=== Begin Enclosure ===
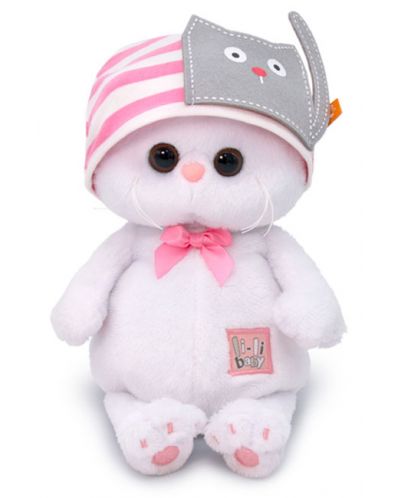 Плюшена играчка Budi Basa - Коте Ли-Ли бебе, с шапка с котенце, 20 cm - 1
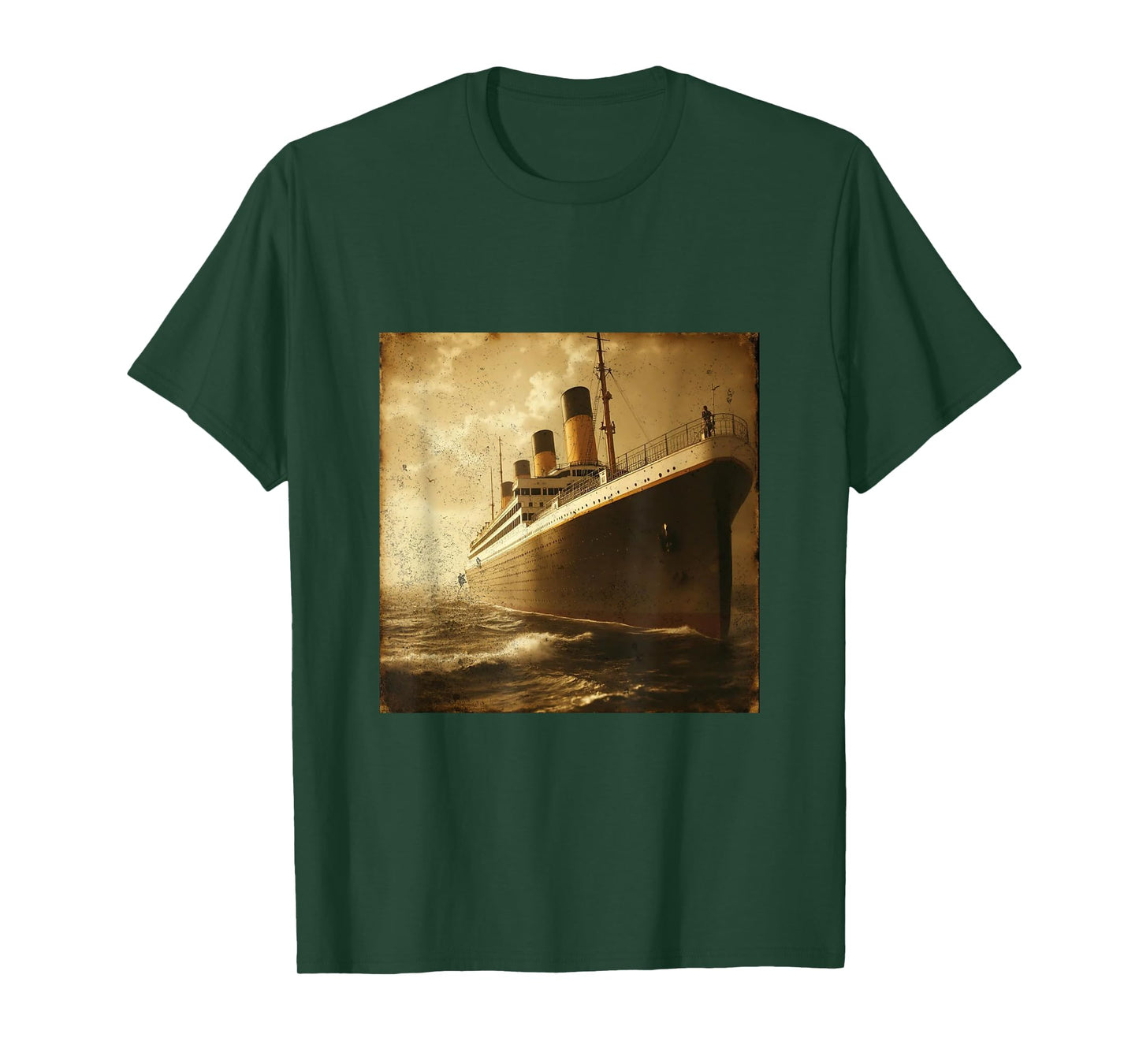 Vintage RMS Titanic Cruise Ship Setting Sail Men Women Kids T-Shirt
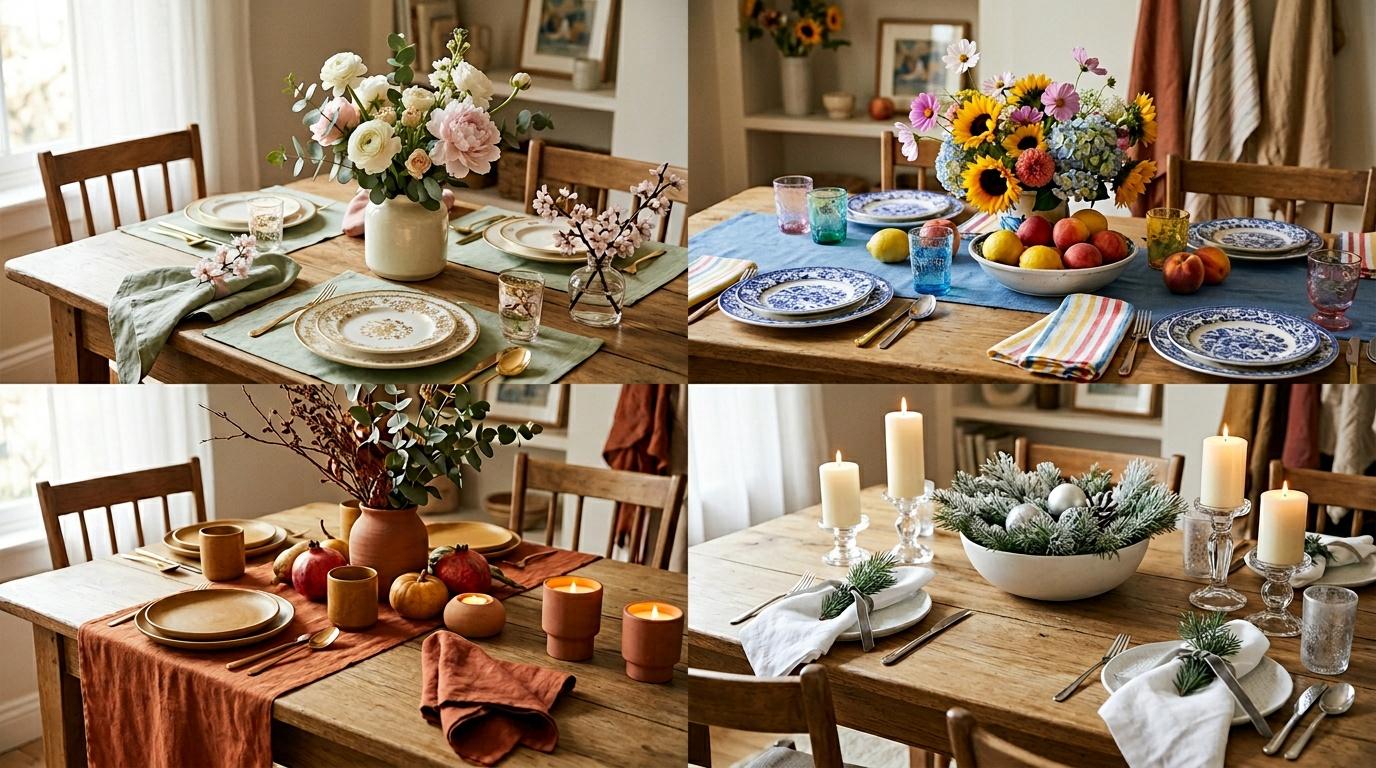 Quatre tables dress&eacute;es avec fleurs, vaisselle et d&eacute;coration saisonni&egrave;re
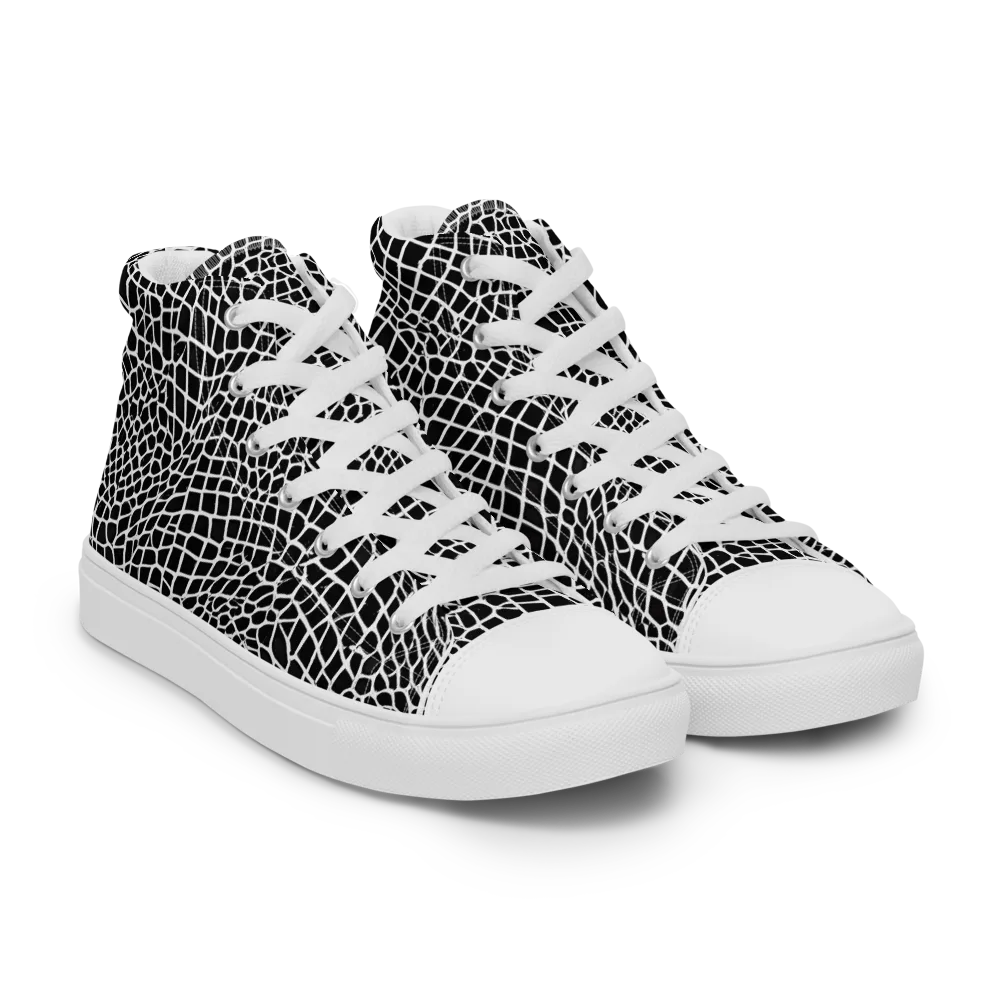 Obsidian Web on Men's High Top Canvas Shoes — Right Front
=== End Enclosure ===
▸ **WHAT TO PRODUCE**
Except for the pictures, return every line of the material exactly.

▸ **OUTPUT FOR THIS EXERCISE**
 Плюшена играчка Budi Basa - Коте Ли-Ли бебе, с шапка с котенце, 20 cm - 1
 Vintage RMS Titanic Cruise Ship Setting Sail Men Women Kids T-Shirt
 Quatre tables dress&eacute;es avec fleurs, vaisselle et d&eacute;coration saisonni&egrave;re
 Obsidian Web on Men's High Top Canvas Shoes — Right Front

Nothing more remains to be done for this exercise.